Alcune persone dicono di trovare l’osservazione del
movimento del loro respiro un mezzo effettivo per calmare la mente prima di
praticare auto-investigazione, ma questo non è necessario, e alla lunga può
realmente essere dannoso. Il modo più efficace per calmare la mente è
semplicemente cercare direttamente di essere auto-attentivi, e alla lunga
questo produrrà il più grande beneficio.
Supponi di dover andare in bicicletta da Londra a Brighton
[che è a sud di Londra], e non sei mai andato in bicicletta prima d’ora. Quindi
devi iniziare a fare pratica, e poiché il tuo fine è raggiungere Brighton è
ovviamente meglio iniziare a fare pratica sulla strada per Brighton, perché
mentre fai pratica ti avvicinerai sempre più vicino alla tua destinazione. Se
invece iniziassi a fare pratica sulla strada per York [che è a nord di Londra],
questo sarebbe sciocco, perché ti porterebbe ancora più lontano dalla tua
destinazione.
Sul sentiero dell’auto-investigazione (ātma-vicāra) la nostra destinazione è
solo noi stessi, ‘io’, e il solo modo per raggiungere quella destinazione è
dare attenzione solo a noi stessi. Quindi per raggiungere la nostra
destinazione più velocemente possibile, fin dall’inizio non dovremmo praticare
alcuna cosa tranne l’auto-attentività. Se fin dall’inizio pratichiamo solo
l’auto-attentività, è come se facessimo pratica di bicicletta sulla strada per
Brighton.
Se pratichiamo dando attenzione alla respirazione o a
qualsiasi altra cosa diversa da ‘io’ solamente, questo ci porta lontano da noi
stessi, che è la nostra destinazione, così è come fare pratica di bicicletta
sulla strada per York. Non è sciocco iniziare andando nella direzione opposta a
quella della nostra destinazione? Non sarebbe più saggio avanzare verso la
nostra destinazione fin dall’inizio?
Se coltiviamo l’abitudine di osservare la respirazione o di dare attenzione a
qualsiasi altra cosa diversa da ‘io’, questa abitudine sarà solo un altro
ostacolo che ci distrarrà quando cercheremo di dare attenzione solo a ‘io’.

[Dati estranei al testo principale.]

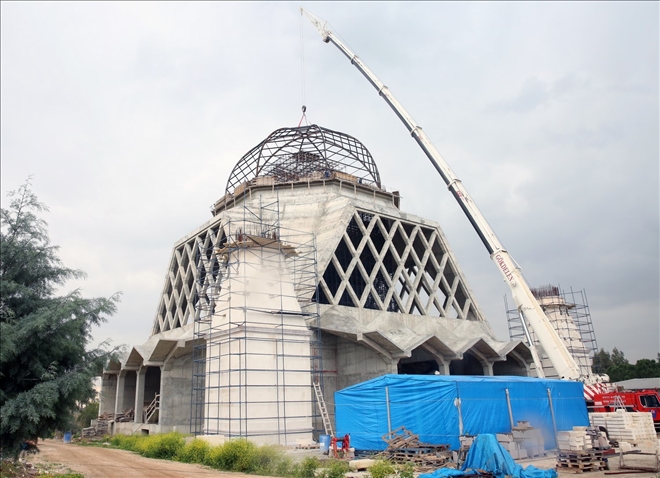 ÇÜ 57. ALAY ŞEHİTLERİ CAMİİ´NİN KUBBESİ YERİNE YERLEŞTİRİLDİ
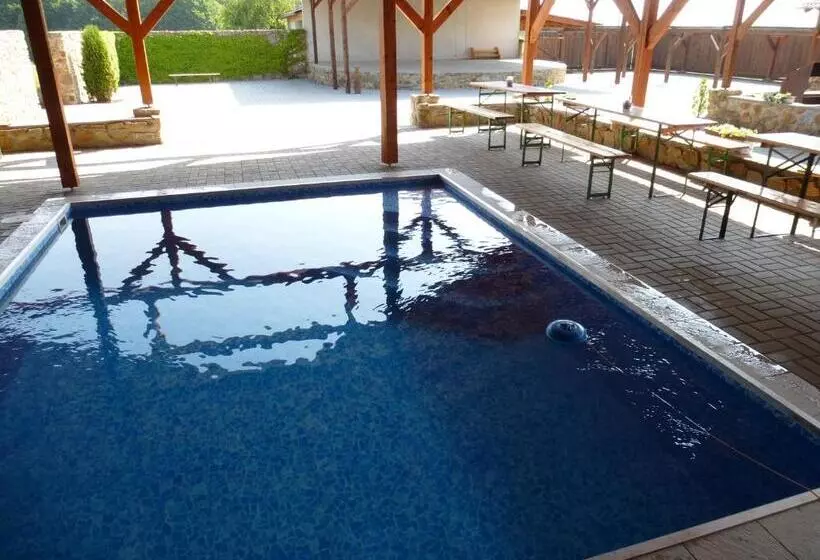 Retkeilymaja Restaurace Vráž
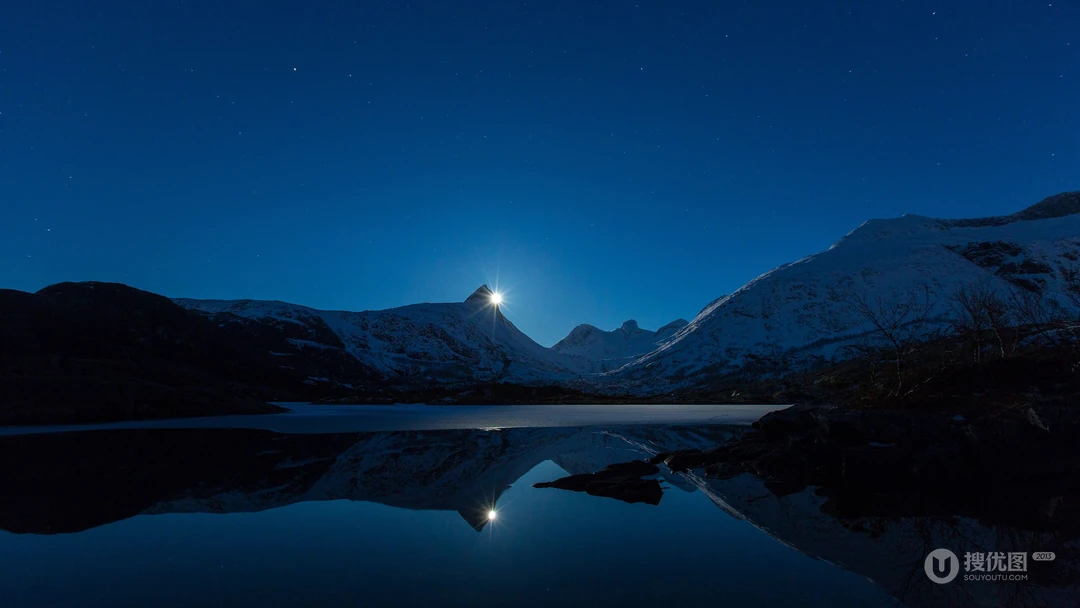 静谧的夜晚，满天的繁星，雪山，湖泊，月光唯美安静景色风光壁纸图片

Quindi è meglio coltivare l’abitudine di osservare solo ‘io’ fin dall’inizio,
ed evitare tutte le altre pratiche.
E’ sbagliato pensare che la nostra mente deve essere calma
prima di poter iniziare a dare attenzione a ‘io’. Sebbene ci può essere più
facile dare attenzione a ‘io’ quando la nostra mente è calma, la calma di mente
non è un prerequisito necessario, perché sia che la nostra mente sia calma o agitata, noi siamo sempre lì a sperimentarla, così
qualsiasi cosa possiamo sperimentare possiamo sempre volgere la nostra
attenzione indietro verso noi stessi, l’
‘io’ che sta sperimentando ciò.
Quindi la cosa migliore è evitare tutte le altre pratiche e
iniziare a investigare solo noi stessi fin dall’inizio.
- Dopo pochi minuti, chiedo a me stesso chi sono io e focalizzo la mia attenzione sull’ ‘io’.
Chiedere a noi stessi ‘chi
sono io?’ può aiutare a rivolgere la nostra attenzione indietro verso ‘io’, ma
non è necessario farsi questa domanda ogni volta. Per mezzo della pratica persistente di
auto-attentività, possiamo coltivare l’abitudine di rivolgere la nostra
attenzione indietro verso ‘io’ ogni volta che notiamo che essa si è allontanata
verso qualche altra cosa, e più forte diviene questa abitudine, meno troveremo
necessario farci qualche domanda per rivolgere la nostra attenzione indietro
verso ‘io’.
Inoltre, dovremmo comprendere
chiaramente che chiederci qualche domanda per aiutarci a rivolgere la nostra
attenzione indietro verso noi stessi è solo un aiuto a ātma-vicāra, ma
non è ātma-vicāra. Ātma-vicāra è auto-investigazione, così essa
inizia realmente solo quando stiamo davvero dando attenzione a, e quindi
cercando di sperimentare, noi stessi solamente.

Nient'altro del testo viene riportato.